I was born in a Canadian Missionary hospital. Dr. Robert McClure, the world’s famous missionary and the doctor had to try his level best to save me. I was very sick for the first two years. There is a big hole under my left arm through which I was fed.
Father Schlappa the German missionary brought a few lepers every Sunday after service. I had asked him if I could become a priest. He said Jerry if it was not for the grace you would be like them. That message has always been with me.
I was at St. Joseph’s from kindergarten to grade 7. I studied with Aftab Sheikh (Muslim), Girish Gupta (Hindu), Davina Brown (Anglo Indian), Nayan Purohit, and many others who were different than me. I am still close to them today.
At St. Andrews, I met Ishh Chadha (Bangalore), Naresh Sahni (NY), and Deepak (SF). That friendship in a boarding school is as strong as it is today. They have no religious background or affiliations. They are my closest buddies and have loved me, fed me, and taken care of me.
Bishop Cotton was this 150-year-old school and until today I never figured out what a Catholic boy was doing in a school with 300 students and only 5 Christians. But I needed to learn discipline, hard work, respect, and loyalty. Jatinder Singh Taneja, Ash Virk and Anup Bhalaik were and are still close friends today. They are different but we share a bond.
At Elphinstone, I was exposed to the Parsis and it was here that I met Farzana Patel and we are still close today.
I got my first passport as a 11-year-old. I asked my dad as to why it was not valid for a whole bunch of countries. The reason was they practiced segregation.

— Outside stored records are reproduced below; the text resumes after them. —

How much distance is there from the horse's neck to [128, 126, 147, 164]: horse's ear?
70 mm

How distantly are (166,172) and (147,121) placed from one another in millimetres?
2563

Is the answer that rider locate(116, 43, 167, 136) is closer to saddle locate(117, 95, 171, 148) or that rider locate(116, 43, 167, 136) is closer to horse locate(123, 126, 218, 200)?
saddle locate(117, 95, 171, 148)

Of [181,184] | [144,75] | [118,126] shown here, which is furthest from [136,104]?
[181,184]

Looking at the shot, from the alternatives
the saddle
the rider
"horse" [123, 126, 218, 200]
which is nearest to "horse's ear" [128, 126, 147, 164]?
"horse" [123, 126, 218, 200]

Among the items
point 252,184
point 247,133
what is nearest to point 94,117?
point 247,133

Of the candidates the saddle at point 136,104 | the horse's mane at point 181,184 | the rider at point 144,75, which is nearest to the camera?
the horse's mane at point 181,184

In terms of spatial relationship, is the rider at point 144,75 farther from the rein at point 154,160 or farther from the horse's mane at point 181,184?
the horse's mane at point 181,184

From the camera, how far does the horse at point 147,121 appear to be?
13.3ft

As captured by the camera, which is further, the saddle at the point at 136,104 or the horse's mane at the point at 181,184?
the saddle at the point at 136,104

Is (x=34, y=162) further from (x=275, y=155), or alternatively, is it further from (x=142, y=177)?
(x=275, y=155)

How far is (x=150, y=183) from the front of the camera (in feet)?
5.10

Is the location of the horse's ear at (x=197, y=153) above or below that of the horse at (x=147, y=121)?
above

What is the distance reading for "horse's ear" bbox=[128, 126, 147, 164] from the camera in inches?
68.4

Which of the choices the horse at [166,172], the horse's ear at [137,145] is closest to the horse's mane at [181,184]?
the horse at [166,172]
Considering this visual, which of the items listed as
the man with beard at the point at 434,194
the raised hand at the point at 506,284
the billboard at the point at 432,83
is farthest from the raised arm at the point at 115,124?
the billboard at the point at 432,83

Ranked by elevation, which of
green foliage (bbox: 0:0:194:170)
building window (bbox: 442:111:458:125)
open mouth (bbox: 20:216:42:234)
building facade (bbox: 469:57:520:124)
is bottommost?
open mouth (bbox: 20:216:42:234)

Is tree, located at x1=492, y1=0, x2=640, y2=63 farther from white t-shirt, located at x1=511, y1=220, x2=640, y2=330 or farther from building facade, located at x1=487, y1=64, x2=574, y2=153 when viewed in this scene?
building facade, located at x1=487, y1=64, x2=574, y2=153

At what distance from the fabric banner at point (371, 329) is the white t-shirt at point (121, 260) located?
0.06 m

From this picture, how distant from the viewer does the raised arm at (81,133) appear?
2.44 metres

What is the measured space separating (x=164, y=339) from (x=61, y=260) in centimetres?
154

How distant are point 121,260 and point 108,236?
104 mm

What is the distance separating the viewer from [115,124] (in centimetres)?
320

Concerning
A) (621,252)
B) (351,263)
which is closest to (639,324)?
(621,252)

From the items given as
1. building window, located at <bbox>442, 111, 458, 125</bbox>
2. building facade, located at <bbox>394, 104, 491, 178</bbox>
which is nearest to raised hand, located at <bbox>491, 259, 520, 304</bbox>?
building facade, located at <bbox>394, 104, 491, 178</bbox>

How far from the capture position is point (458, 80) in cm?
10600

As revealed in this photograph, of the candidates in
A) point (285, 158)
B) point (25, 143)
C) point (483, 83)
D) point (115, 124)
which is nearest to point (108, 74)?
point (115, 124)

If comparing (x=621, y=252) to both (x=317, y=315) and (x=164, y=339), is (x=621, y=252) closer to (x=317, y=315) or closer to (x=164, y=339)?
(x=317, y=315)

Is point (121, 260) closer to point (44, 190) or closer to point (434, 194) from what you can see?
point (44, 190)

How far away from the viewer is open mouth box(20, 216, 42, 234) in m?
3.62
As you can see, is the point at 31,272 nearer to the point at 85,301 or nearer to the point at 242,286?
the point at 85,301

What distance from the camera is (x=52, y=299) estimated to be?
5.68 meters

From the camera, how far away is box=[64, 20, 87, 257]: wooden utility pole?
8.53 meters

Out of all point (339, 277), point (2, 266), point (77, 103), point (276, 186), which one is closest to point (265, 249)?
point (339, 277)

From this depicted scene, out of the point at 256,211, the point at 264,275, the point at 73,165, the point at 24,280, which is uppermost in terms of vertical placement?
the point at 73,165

As a teenager, I headed to Les Roches. I was scared. However, I see my closest friends were Honny Khatwani (Sindhi), Fazlul Kabir (Muslim), Yal Yalon Steiner (Jewish), Tonjoost Ton-Joost Evers, Simon Tan L. O. (Buddhist) and Alan Loi. All these friendships are as strong as ever.

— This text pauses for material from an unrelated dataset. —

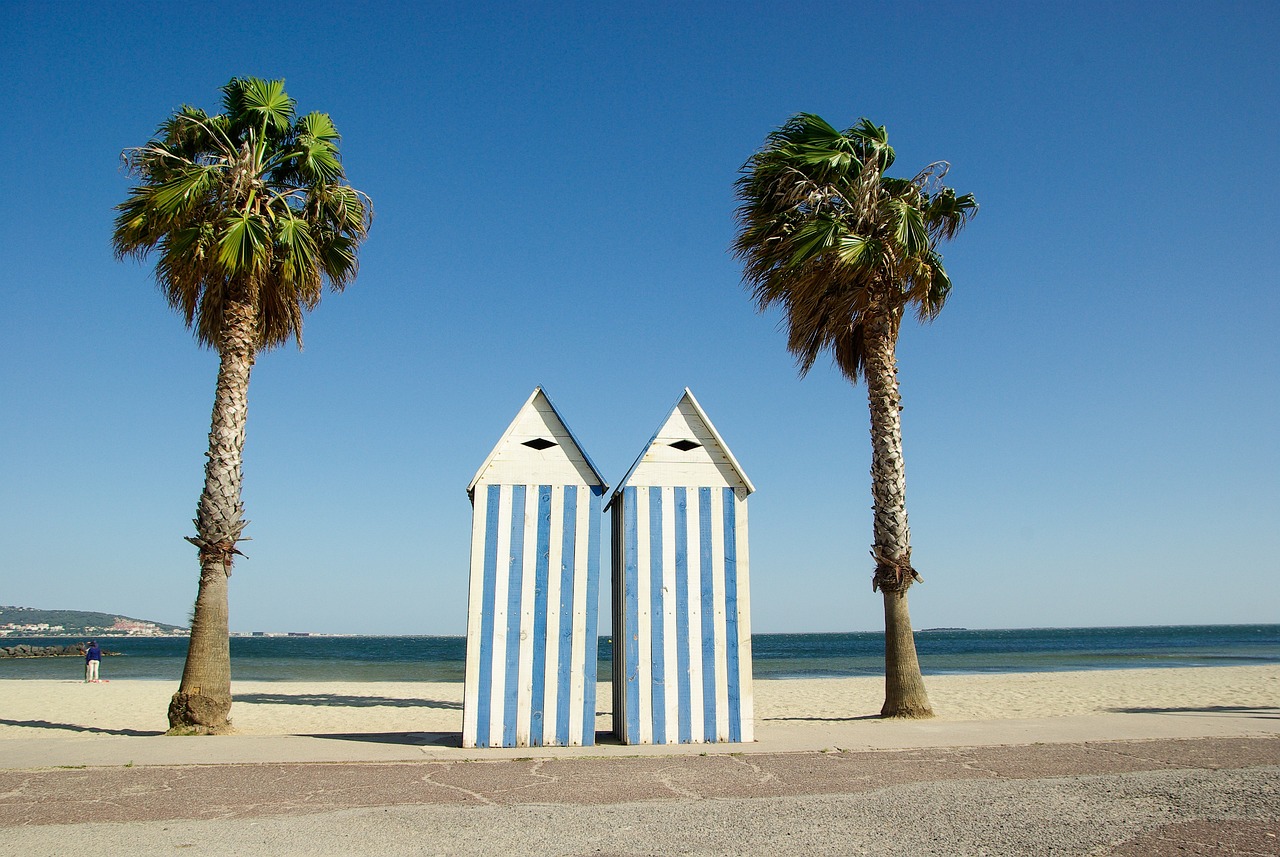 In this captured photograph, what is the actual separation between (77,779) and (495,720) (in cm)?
393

From a young age, I have never seen color, caste, creed, or anything else.
As I look at my wedding party, the person who sang at my wedding was an African Canadian, his daughter was the flower girl, the flower boy was Filipino, and I had two Chinese, an Indonesian, an Armenian and a German in my wedding party.
I am in a mixed marriage and embrace diversity.

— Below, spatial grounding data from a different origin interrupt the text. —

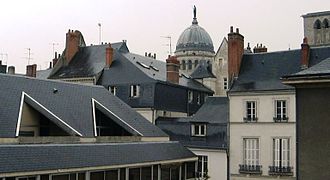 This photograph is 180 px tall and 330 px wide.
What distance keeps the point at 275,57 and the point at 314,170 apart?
20257 mm

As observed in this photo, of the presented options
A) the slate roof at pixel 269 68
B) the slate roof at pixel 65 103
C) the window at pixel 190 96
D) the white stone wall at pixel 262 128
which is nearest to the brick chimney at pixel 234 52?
the slate roof at pixel 269 68

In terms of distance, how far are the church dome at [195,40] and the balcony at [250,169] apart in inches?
2034

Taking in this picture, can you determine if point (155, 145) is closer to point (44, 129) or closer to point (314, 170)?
point (44, 129)

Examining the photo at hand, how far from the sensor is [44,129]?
26203 millimetres

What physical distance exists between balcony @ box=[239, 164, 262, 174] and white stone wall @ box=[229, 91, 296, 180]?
0.23 m

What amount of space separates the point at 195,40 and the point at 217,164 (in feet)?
173

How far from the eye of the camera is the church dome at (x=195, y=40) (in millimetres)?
83512

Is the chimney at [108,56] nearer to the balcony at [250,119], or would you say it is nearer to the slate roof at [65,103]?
the slate roof at [65,103]

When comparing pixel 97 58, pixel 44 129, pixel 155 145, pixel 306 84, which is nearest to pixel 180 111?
pixel 97 58

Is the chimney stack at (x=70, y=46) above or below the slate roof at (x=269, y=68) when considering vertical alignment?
above

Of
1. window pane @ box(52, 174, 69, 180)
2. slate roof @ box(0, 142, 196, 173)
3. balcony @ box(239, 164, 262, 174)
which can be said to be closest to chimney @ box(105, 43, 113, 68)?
balcony @ box(239, 164, 262, 174)

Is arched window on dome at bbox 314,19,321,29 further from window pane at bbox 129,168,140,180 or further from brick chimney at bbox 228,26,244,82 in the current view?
window pane at bbox 129,168,140,180

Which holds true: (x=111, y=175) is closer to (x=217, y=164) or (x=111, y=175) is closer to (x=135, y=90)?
(x=217, y=164)

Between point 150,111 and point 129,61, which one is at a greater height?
point 129,61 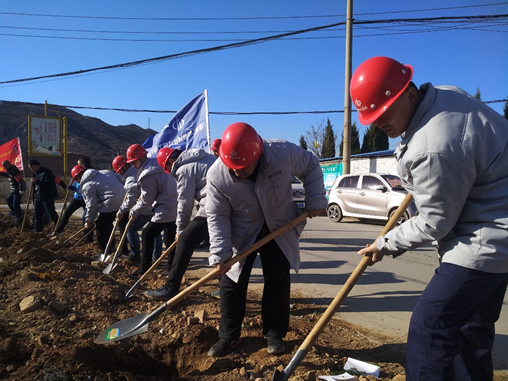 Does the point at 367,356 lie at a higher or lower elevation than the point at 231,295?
lower

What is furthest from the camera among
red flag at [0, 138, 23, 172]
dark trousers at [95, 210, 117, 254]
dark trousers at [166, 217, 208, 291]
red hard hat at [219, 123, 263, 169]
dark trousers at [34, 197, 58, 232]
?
red flag at [0, 138, 23, 172]

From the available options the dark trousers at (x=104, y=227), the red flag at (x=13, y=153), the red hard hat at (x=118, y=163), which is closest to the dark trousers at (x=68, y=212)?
the dark trousers at (x=104, y=227)

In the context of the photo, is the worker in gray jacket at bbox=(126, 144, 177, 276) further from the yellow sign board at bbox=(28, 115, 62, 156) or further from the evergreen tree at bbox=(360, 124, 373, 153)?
A: the evergreen tree at bbox=(360, 124, 373, 153)

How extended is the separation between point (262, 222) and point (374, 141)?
98.7ft

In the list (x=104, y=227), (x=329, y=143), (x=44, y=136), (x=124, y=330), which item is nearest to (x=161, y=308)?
(x=124, y=330)

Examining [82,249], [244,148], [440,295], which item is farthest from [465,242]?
[82,249]

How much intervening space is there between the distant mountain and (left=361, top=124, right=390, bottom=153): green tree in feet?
94.6

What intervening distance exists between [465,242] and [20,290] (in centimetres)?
449

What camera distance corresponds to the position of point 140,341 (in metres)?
3.22

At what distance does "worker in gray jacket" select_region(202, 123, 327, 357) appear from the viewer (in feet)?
9.11

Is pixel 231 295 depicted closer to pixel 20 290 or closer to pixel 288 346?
pixel 288 346

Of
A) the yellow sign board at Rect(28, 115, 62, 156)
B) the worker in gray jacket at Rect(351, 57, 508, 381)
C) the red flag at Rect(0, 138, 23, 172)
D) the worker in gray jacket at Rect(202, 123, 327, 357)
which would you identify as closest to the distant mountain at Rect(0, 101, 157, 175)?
the red flag at Rect(0, 138, 23, 172)

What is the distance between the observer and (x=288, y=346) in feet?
9.80

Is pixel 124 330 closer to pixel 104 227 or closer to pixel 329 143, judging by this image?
pixel 104 227
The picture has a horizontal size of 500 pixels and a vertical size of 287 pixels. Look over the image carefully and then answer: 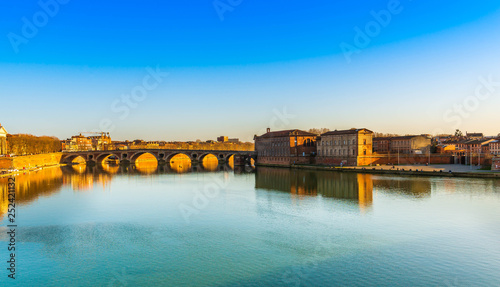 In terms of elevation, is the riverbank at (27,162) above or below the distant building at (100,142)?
below

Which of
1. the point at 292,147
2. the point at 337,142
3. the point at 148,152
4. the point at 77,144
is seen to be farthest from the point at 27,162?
the point at 77,144

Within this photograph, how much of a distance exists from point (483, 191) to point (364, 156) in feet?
103

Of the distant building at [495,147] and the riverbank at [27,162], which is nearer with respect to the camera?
the riverbank at [27,162]

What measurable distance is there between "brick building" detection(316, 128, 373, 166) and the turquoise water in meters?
31.0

As a few friends started coming out, I learned more about the LGTBQ community and some of my close friends are from that. My website was designed by someone from an alternative lifestyle and my logo was designed by a lesbian. I do not judge what you do in your bedroom.
As a brown person, I have had my share of racism. I refuse to go to that level. Throw a brick at me, I will build a home.
At the Toronto Bloggers Collective, I am so grateful for meeting Casey Palmer, another African Canadian in a mixed marriage. The group is amazing about different creators from various backgrounds with one goal in mind. To love and give everyone a voice.
I am guilty that there have been times I have not spoken up. I try through my blog to lift people from all backgrounds and tell their stories.
I will continue to practice and preach patience, kindness, gentleness, compassion, forgiveness, hope, and unconditional love.
However, it is time for a checkup from the top to the bottom. From the political sphere to the boardroom, from the cultural landscape to our own hearts we need to have a conversation. We need to understand, have empathy, and mourn with our brothers and sisters who have been killed systematically.
We have to love unconditionally. Our neighbors could be different. We have to reach out and make a difference. We have to understand our neighbor, practice empathy, mourn with them, lament, and hope.
We cannot look at people as a stat. We take their dignity away.
We have to take a personal inventory and our own cultural bias.
There are many times I tell my daughter to clean her room. As I post this, I am going to go and clean my room, I am going to look deep in my heart, I am going to see what I can do to make this world a better place for every human irrespective of your caste, creed, color, background or credentials.